# Freezing a Subset of Model Parameters

In [1]:
from transformers import FlaxSpeechEncoderDecoderModel
import random
import numpy as np
import jax
import jax.numpy as jnp
import optax
from flax import traverse_util
from flax.training import train_state
from flax.core import freeze, frozen_dict
from flax.core.frozen_dict import FrozenDict
from flax.training.common_utils import onehot
from typing import Mapping

  from .autonotebook import tqdm as notebook_tqdm


## 1. Load a pre-trained 'tiny' speech encoder-decoder model

In [2]:
encoder_id = "hf-internal-testing/tiny-random-wav2vec2"
decoder_id = "hf-internal-testing/tiny-random-bart"

In [3]:
model = FlaxSpeechEncoderDecoderModel.from_encoder_decoder_pretrained(encoder_id, decoder_id, encoder_from_pt=True, decoder_from_pt=True)
params = freeze(model.params)

Some weights of the model checkpoint at hf-internal-testing/tiny-random-wav2vec2 were not used when initializing FlaxWav2Vec2Model: {('quantizer', 'weight_proj', 'bias'), ('lm_head', 'kernel'), ('project_hid', 'kernel'), ('project_q', 'kernel'), ('lm_head', 'bias'), ('project_hid', 'bias'), ('quantizer', 'weight_proj', 'kernel'), ('project_q', 'bias'), ('quantizer', 'codevectors')}
- This IS expected if you are initializing FlaxWav2Vec2Model from the checkpoint of a model trained on another task or with another architecture (e.g. initializing a BertForSequenceClassification model from a BertForPreTraining model).
- This IS NOT expected if you are initializing FlaxWav2Vec2Model from the checkpoint of a model that you expect to be exactly identical (initializing a BertForSequenceClassification model from a BertForSequenceClassification model).
Some weights of FlaxWav2Vec2Model were not initialized from the model checkpoint at hf-internal-testing/tiny-random-wav2vec2 and are newly initial

## 2. Utility functions for our analysis

In [4]:
def print_tree(d, depth=0, print_value=False):
    for k in d.keys():
        if isinstance(d[k], FrozenDict):
            print('  ' * depth, k)
            print_tree(d[k], depth + 1, print_value)
        else:
            if print_value:
                print('  ' * depth, k, d[k])
            else:
                print('  ' * depth, k)

In [5]:
def compare_params(lhs, rhs, depth=0):
    for k in lhs.keys():
        if isinstance(lhs[k], FrozenDict):
            print('  ' * depth, k)
            compare_params(lhs[k], rhs[k], depth + 1)
        else:
            print('  ' * depth, k, jnp.mean(jnp.abs(lhs[k] - rhs[k])))

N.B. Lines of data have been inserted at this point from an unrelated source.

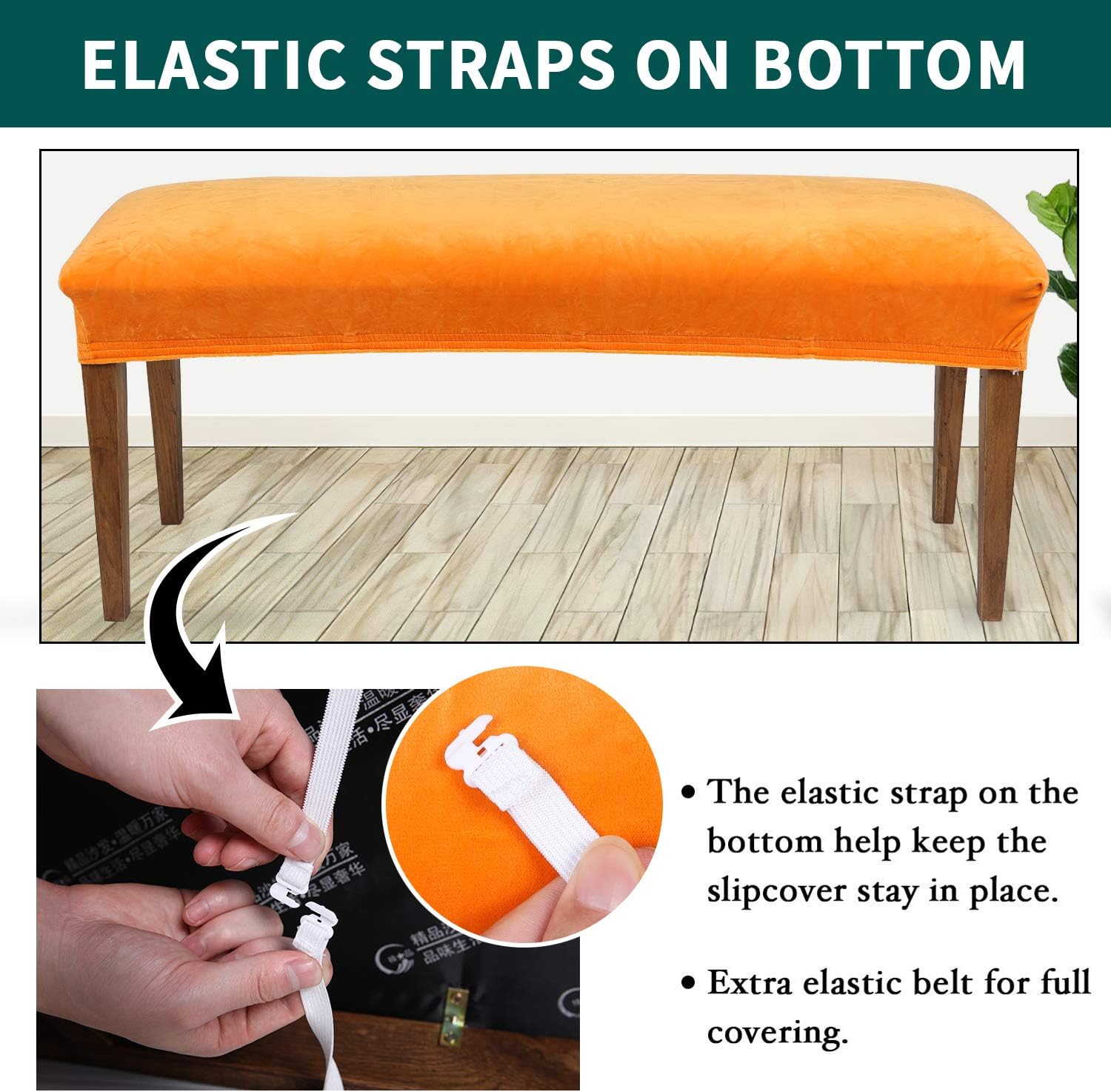 40% Off Discount smiry Velvet Dining Room Bench Covers - Soft Stretch Spandex Upholstered Bench Slipcover Removable Washable Bench Seat Protector for Living Room, Kitchen, Bedroom (Orange)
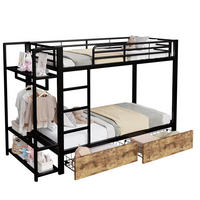 ETAGENBETT 90/200 cm aus Metall mit LED-Beleuchtung, Schubladen und Ablagen - Schwarz, Metall (90/200cm) - Flora Grace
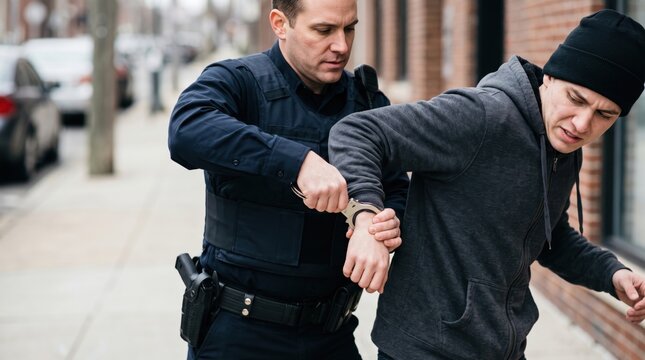Officer apprehending resisting suspect on urban street. Officer restrains individual wearing hoodie and beanie while handcuffing on sidewalk.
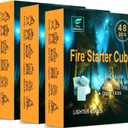 Natural Fire Starter for Fireplaces: 144 Premium Odorless Fire Starters Squares | Waterproof Quick Firestarters Cubes for Campfires | Wood Stove | Grills | Fire Pit | Smokers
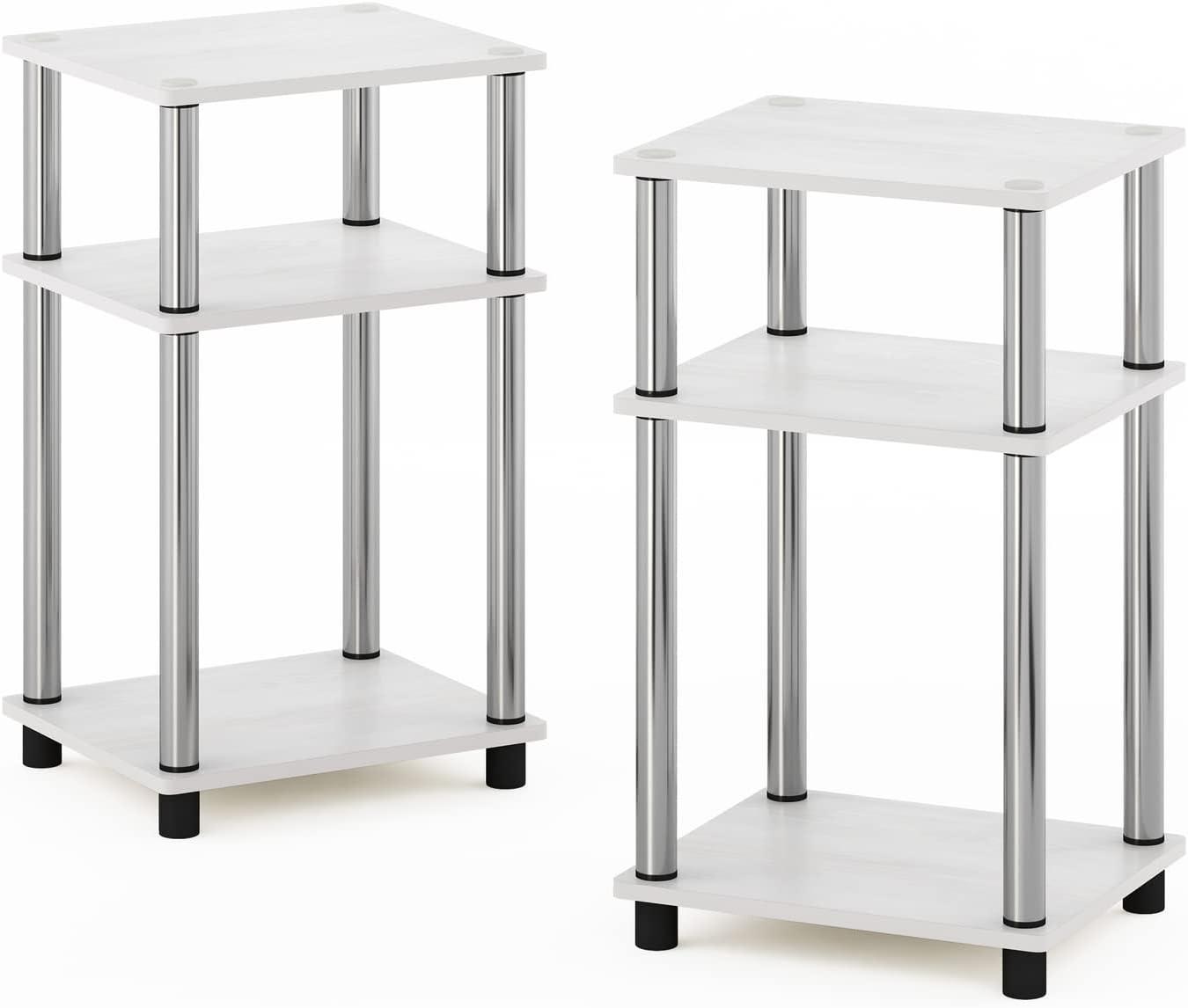 Twin Set Modern Multifunctional White Oak and Chrome End Tables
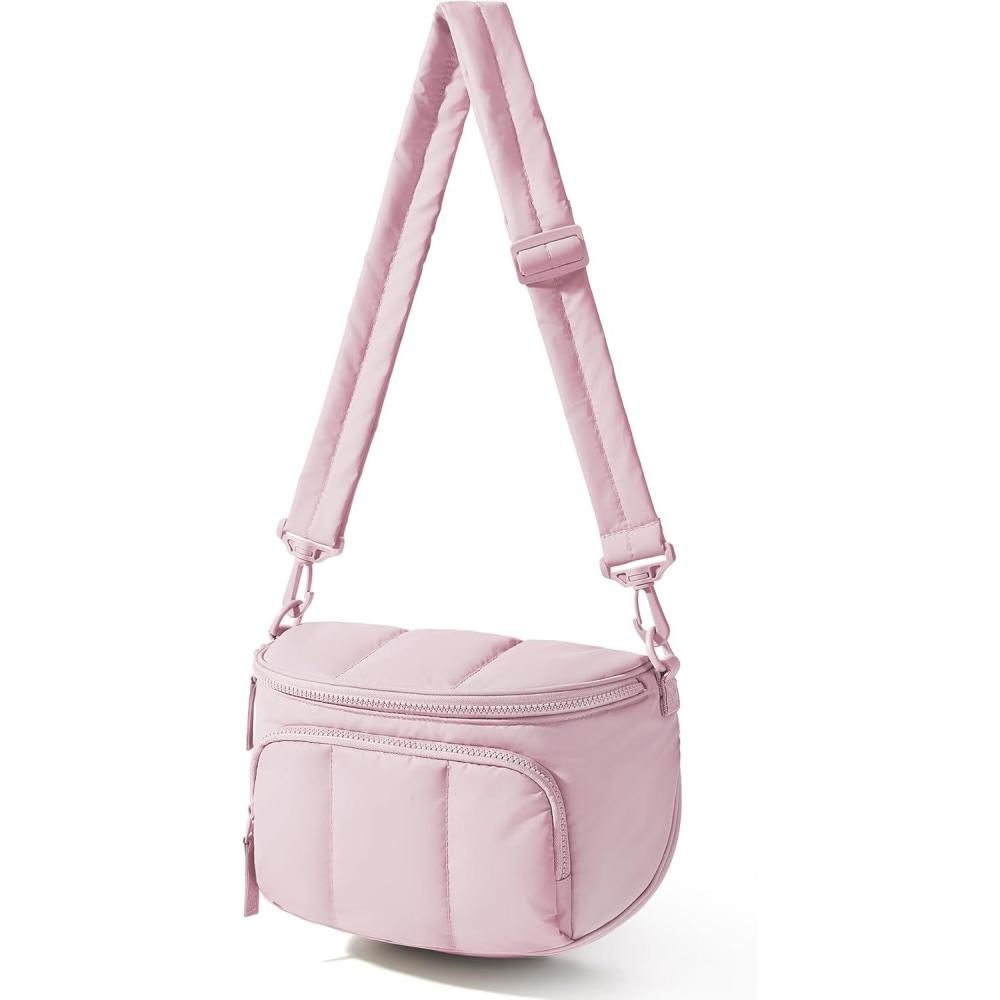 imageBAGSMART Puffer Crossbody Bum Bags for Women Small Cross Body Purses for Women Travel amp Work Quilted Waterresistant Hobo 4L Quilted Puffy Mom Everyday bagCandy Pink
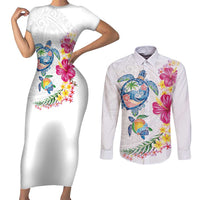 Hawaiian Abstract Art Turtles Couples Matching Short Sleeve Bodycon Dress and Long Sleeve Button Shirt with Plumeria and Hibiscus - Polynesian Pride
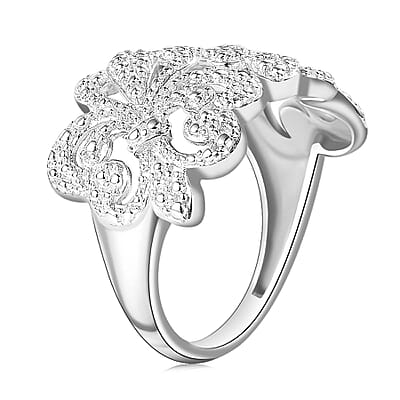 Karis White Diamond Accent Fleur De Lis Ring in Platinum Bond (Size 10.0)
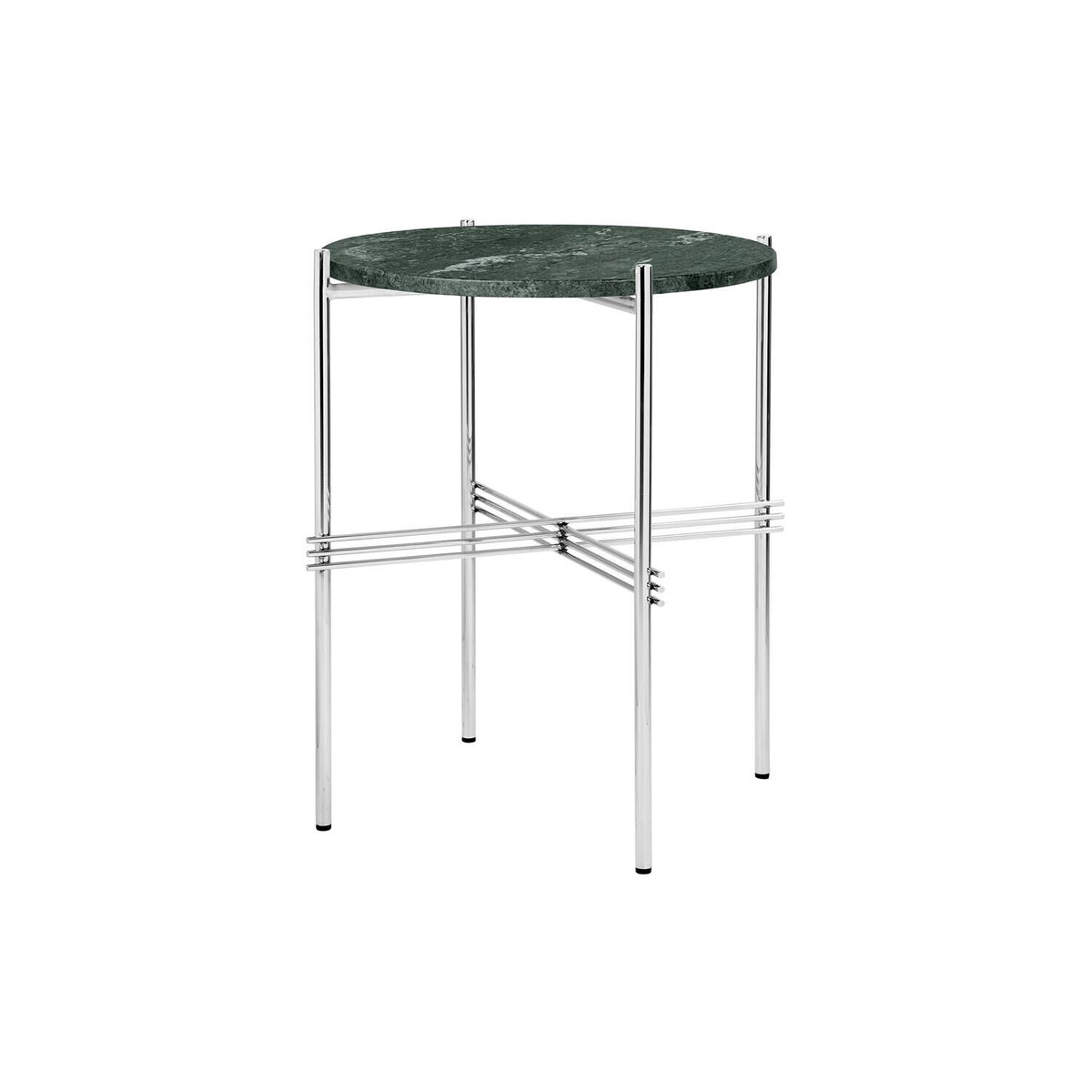 TS Side Table Round Ø40 Polished Steel/White Carrara Marble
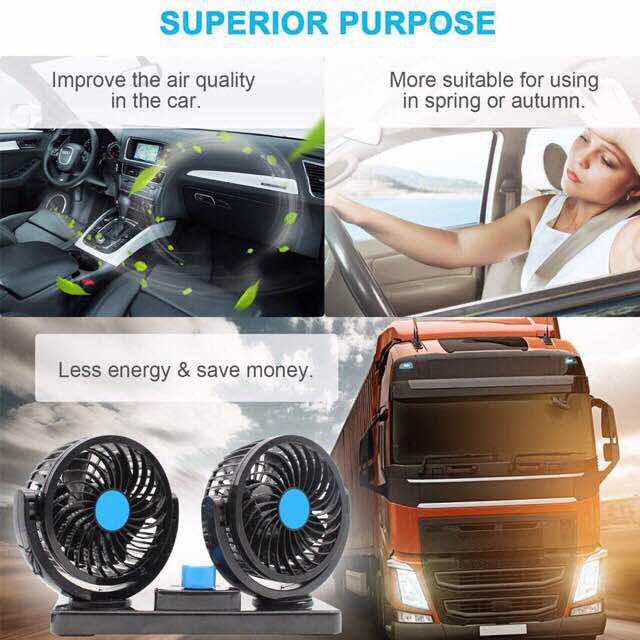 Car electric fan 12v 24V car double head mini fan outlet D-105 | Shopee ...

## 3. View the parameter tree

In [6]:
# view the param tree for the full model (note: long output!)
print_tree(params)

 decoder
   model
     decoder
       embed_tokens
         embedding
       embed_positions
         embedding
       layers
         0
           self_attn
             k_proj
               kernel
               bias
             v_proj
               kernel
               bias
             q_proj
               kernel
               bias
             out_proj
               kernel
               bias
           self_attn_layer_norm
             scale
             bias
           encoder_attn
             k_proj
               kernel
               bias
             v_proj
               kernel
               bias
             q_proj
               kernel
               bias
             out_proj
               kernel
               bias
           encoder_attn_layer_norm
             scale
             bias
           fc1
             kernel
             bias
           fc2
             kernel
             bias
           final_layer_norm
             scale
             bias
      

As we can see, the param tree is somewhat large! And this is just for a 'tiny' seq2seq model... To make our lives easier, we'll focus on two specific modules from the encoder: the `feature_extractor` and the `feature_projection`. For the former, we have added a `jax.lax.stop_gradient` operator within the [modelling code](https://github.com/huggingface/transformers/blob/d57da992371c1c8258dc683275b4711dee949d20/src/transformers/models/wav2vec2/modeling_flax_wav2vec2.py#L409-L410), which is triggered if the argument `freeze_feature_encoder` is set to `True`. We can use this argument to freeze the feature extractor layers during training - by action of the `jax.lax.stop_gradient` operator, the gradients of these layers are clamped to precisely zero.

In [7]:
print("feature_extractor")
print_tree(params['encoder']['feature_extractor'], depth=1)

feature_extractor
   conv_layers
     0
       conv
         kernel
       layer_norm
         scale
         bias
     1
       conv
         kernel
       layer_norm
         bias
         scale
     2
       conv
         kernel
       layer_norm
         bias
         scale


In [8]:
print("feature_projection")
print_tree(params['encoder']['feature_projection'], depth=1)

feature_projection
   layer_norm
     scale
     bias
   projection
     kernel
     bias


Lets get an idea of how many of the model parameters we are freezing:

In [9]:
# get num params
num_params = sum(jax.tree_leaves(jax.tree_map(lambda x: jnp.size(x), params)))
# get num frozen params
num_frozen_params = sum(jax.tree_leaves(jax.tree_map(lambda x: jnp.size(x), params['encoder']['feature_extractor'])))
# accumulate statistics
prop_frozen_params = num_frozen_params / num_params * 100
print(f"Num params: {num_params}, num frozen params: {num_frozen_params}, proportion of model params frozen: {prop_frozen_params:.1f}%")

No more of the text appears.